Kuwait's unexepctedly feisty National Assembly once again has served notice on a somewhat embarrassed government that it has no intention of becoming a rubber stamp.
This time it has passed a law prohibiting embassies from importing or manufacturing locally any kind of alcoholic beverage -- a prohibition even more severe than any in rigorously dry Saudi Arabia. The 29-to-O vote in mid-February, which took effect this month, has outraged the western diplomatic community here and brought charges of hypocrisy from many liberal-minded Kuwaitis.
Revived in February 1981 after a five-year suspension for bad behavior, Kuwait's 66-man National Assembly Sabah family presumably expected after radical Arab nationalist and pro-Iranian Shiite members were mostly gerrymandered out of their seats in the last elections.
In the two years of renewed parliamentary life, the assembly has veered left and right on its path to democracy, a path that has put the Sabahs, progressive by Persian Gulf standards, in a quandary.
Among its most controversial decisions opposed by the Sabah-led government have been votes barring Kuwaiti nationality to non-Moslems, rejecting women's right to vote, blocking an attempt to curb press freedom and refusing funds for the Syrian-manned Arab peace-keeping force in Lebanon.
In addition, the assembly has just signaled that the government's proposed amendments to the constitution expanding the ruling emir's powers have no change of getting the necessary two-thirds majority.
It is unclear to an outsider how such an institution -- the only one of its kind in the Persian Gulf's Arab states -- took root in the harsh desert of the Arabian Peninsula, where autocratic tribal and family rule prevails. The explanation seems to lie in the history and personality of this oil-based city-sate of 1.4 million people, which has the highest per capita income in the world.
Kuwaitis say their hybrid "Arabian democracy" stems from the highly mobile and cosmopolitan nature of their society, a tradition of consultation, and wealth-sharing between the leading merchant families and the Sabahs, who have ruled since 1756. Another factor is the size of the all-male, "first-class" voting population -- 43,000 in 1981.

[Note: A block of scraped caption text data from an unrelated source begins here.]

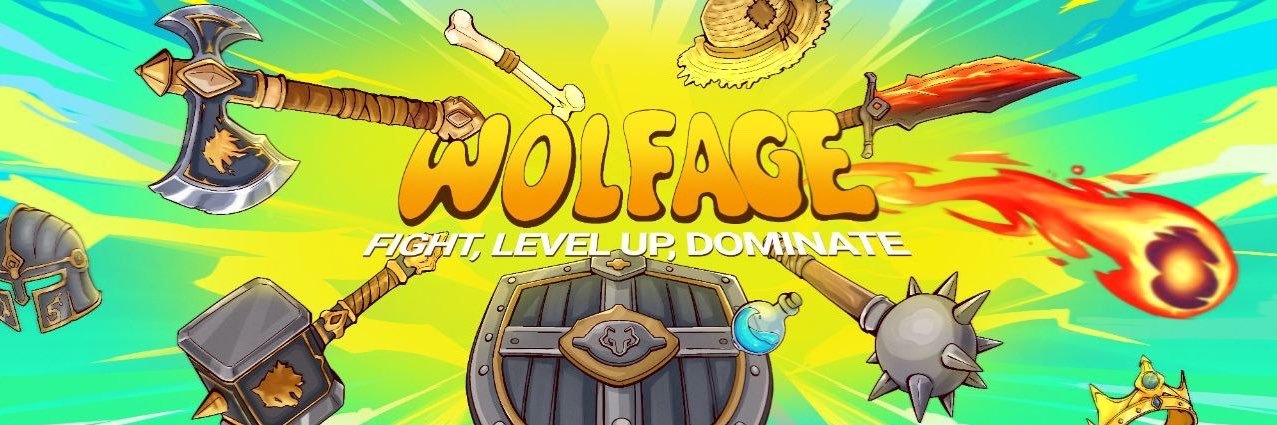 playwolfage's profile banner image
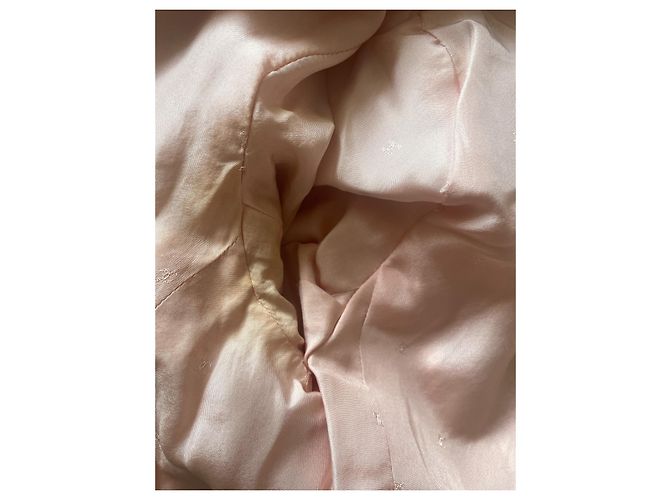 Cambon Chanel 1994 Laufstegkollektion Pink Jacket 40 - Ansicht 6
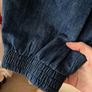 denim joggers Image 5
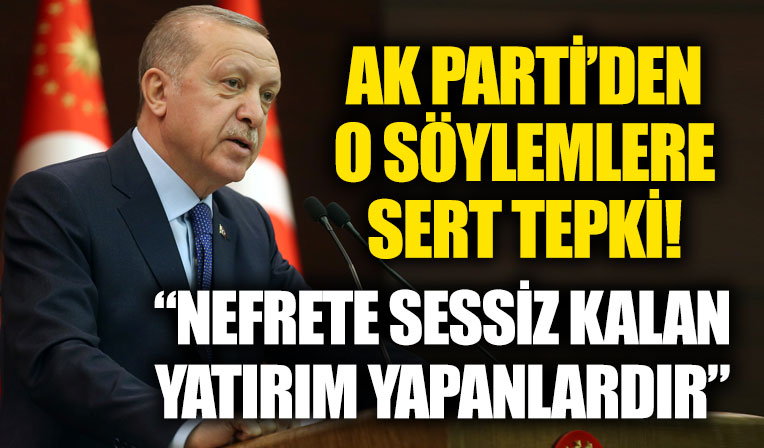 AK Parti Sözcüsü Çelik'ten Sedef Kabaş tepkisi: Nefret siyaseti nefret söylemine sponsor oldu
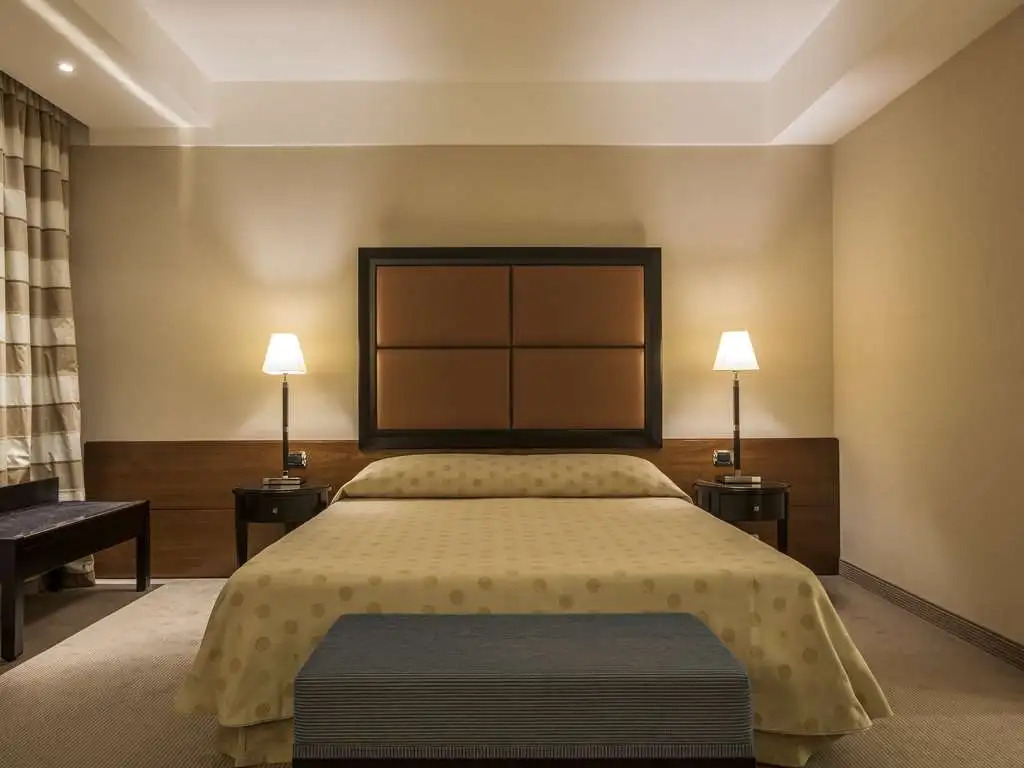 Photo - Ergife Palace Hotel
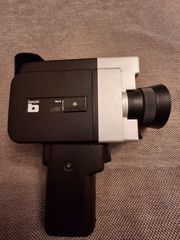 Μηχανή λήψης Bencini Zoom Super 8 Portable Super 8 Film Camera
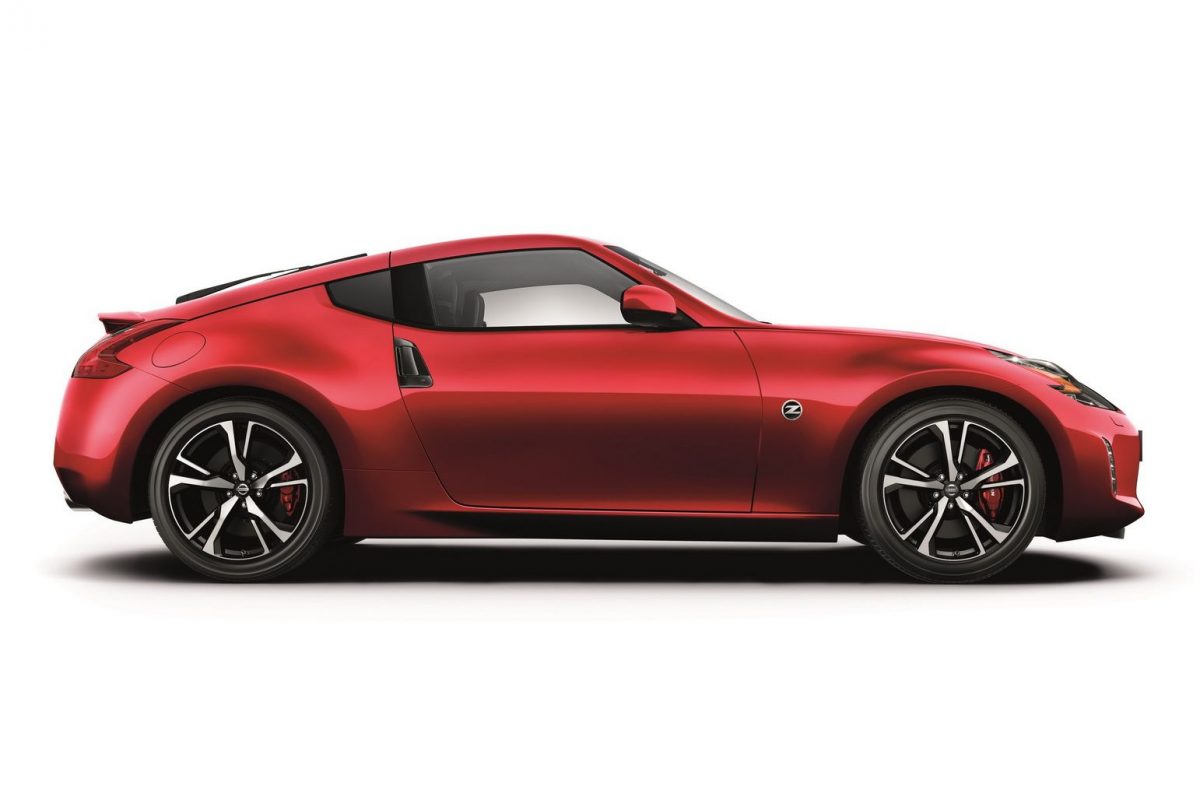 NISSAN 370 Z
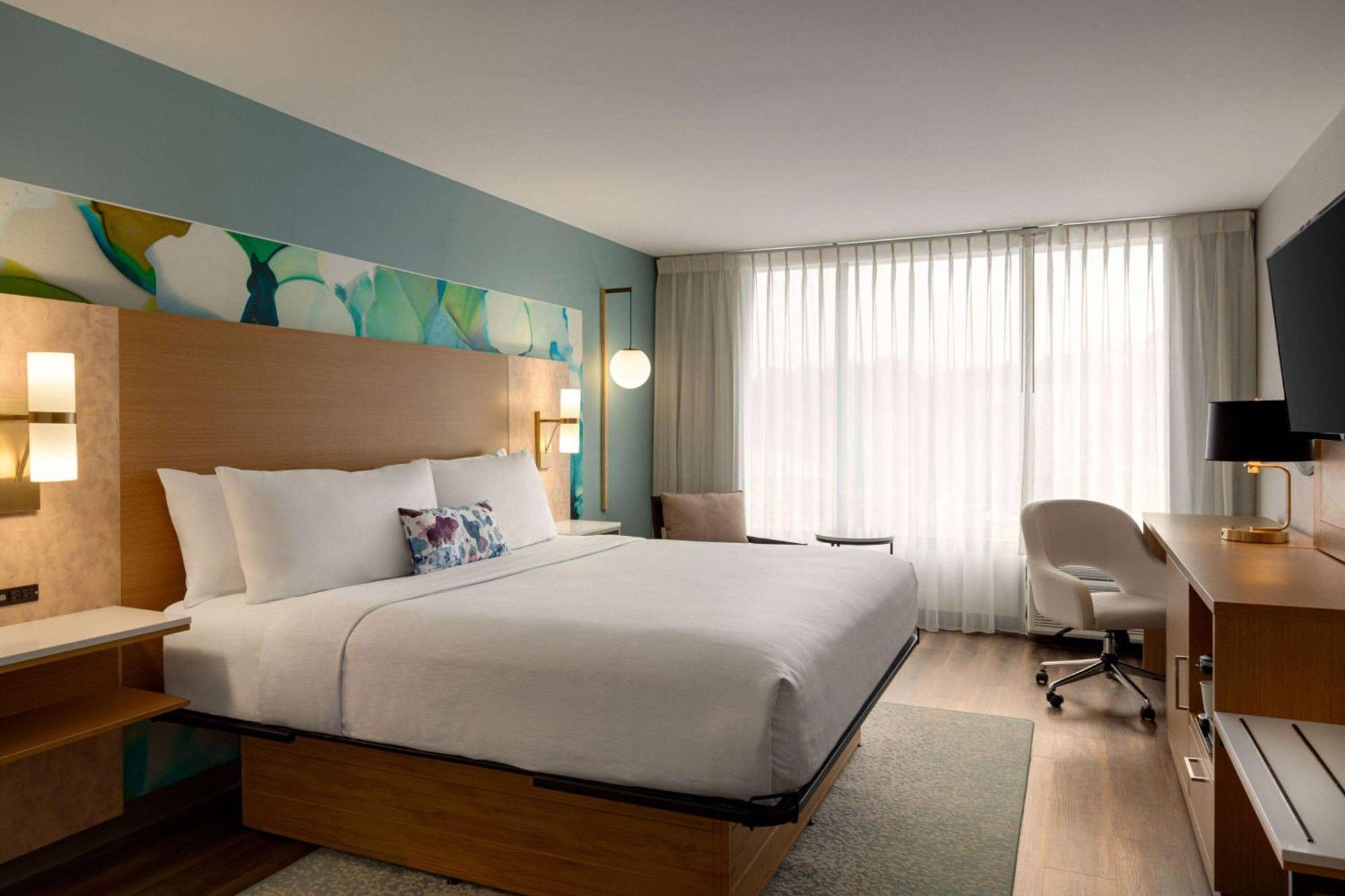 Wyndham Garden Atlanta Airport College Park Exterior foto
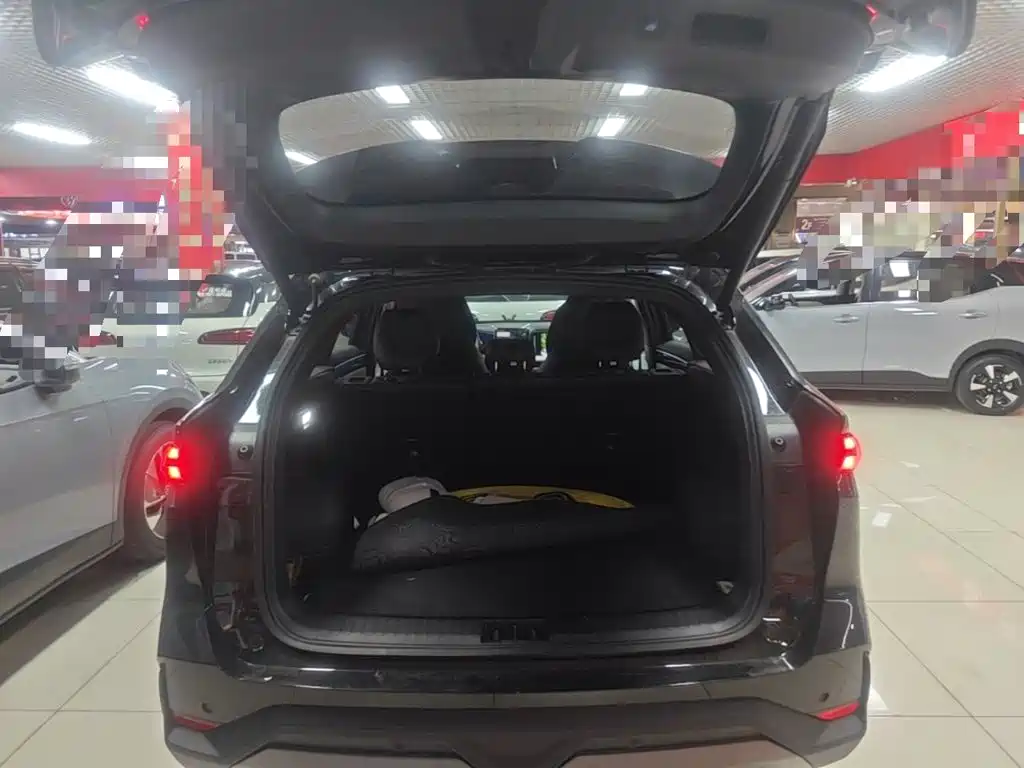 Geely Galaxy Galaxy L7 2023 2023 1.5T 115km MAX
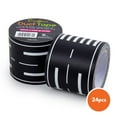 thumbnail image 1 of TIme 4 Crafts Vibrant and Colourful Craft Duct Tape Set, 1 of 4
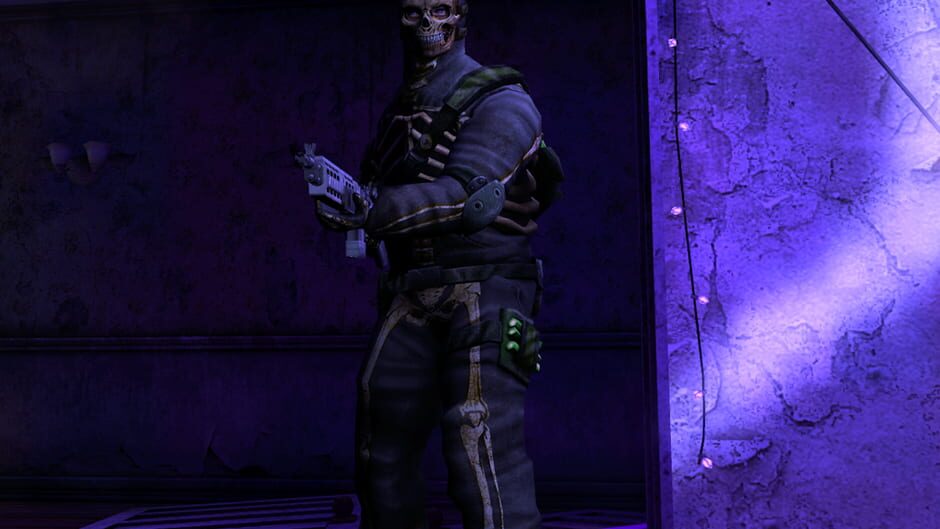Killing Floor: Nightfall Character Pack Screenshot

Compared with western-style democracy, Kuwait's version still seems quite limited. There are no political parties, voting is limited to 3 percent of the population, and the prime minister is always the crown prince, chosen by the Sabah family and virtually immune to a vote of no-confidence.
But in the context of the Arab state of the gulf, where "democracy" goes no further than weak consultative councils of appointed elders, Kuwait's National Assembly seems light years ahead in the emergence of any real democratic institutions.
Remarked one western diplomat, "There are not many assemblies in the Third World where deputies are free to stand up and criticize the government" as they do here.
The present 50 elected deputies were expected to make up a far more accomodating body than the previous assembly, which publicly insulted the ruling family and questioned its right to rule. Emir Jaber Sabah suspended it in 1976 on the expressed grounds that the shock waves from the Lebanese civil war were threatening Kuwait's stability.
The Feburuary 1981 elections saw the purge of all leftist Arab nationalists and all but three pro-Iranian Shiite Moslems from the assembly. But their place was taken by a half dozen Islamic fundamentalists who are proving more astute in pushing through bills reflecting their views.
One examples was the ban on alcohol for the embassies, a measure that the government opposed but could not vote against without being viewed as anti-Islamic. Instead, more than half the assembly, including all 16 ministers, stayed away for the vote.
More weighty is the constitutional issue now before the assembly: a set of 17 amendments to the 1962 constitution whose affect would be to broaden the emir's power at the expense of the legislators'.
Last December, the assembly voted 37 to 27 in favor of the principle of amending the constitution, with the government mobilizing its "Bedouin lobby" and 15 ministers serving as appointed deputies to push the vote through. But most of the assembly's leadership, including seven of the eight committee chairmen, voted no.
In early March, the Legislative and Legal Affairs Committee submitted its report, recommending 6 to 1 that all the amendments be rejected.
The emir has avoided a head-on confrontation at least temporarily by withdrawing the proposals. But the committee wants to bring the issue to a vote anyway, according to its chairman, Issa Shahin, who has a degree in political science from Indiana University.
In an interview, Shahin said it had become "rather clear that the majority of the assembly and outside the assembly is against any amendment affecting the democratic process in Kuwait."
One amendment he cited as among the most objectionable to the committee concerns a constitutional provision setting forth the principle of the separation of powers among the executive, legislative and judicial branches. The amendment would give the emir the right, in "exceptional circumstances," to issue decrees having the power of law.
Shahin said the problem is that the government does not indicate what constitutes "exceptional circumstances." He called it "an open door" for the ruling family to issue decrees "any time they wish."
In mid-May the government withdrew the amendments because it sensed the atmosphere "for objectivity and calm" in debate was "no longer available."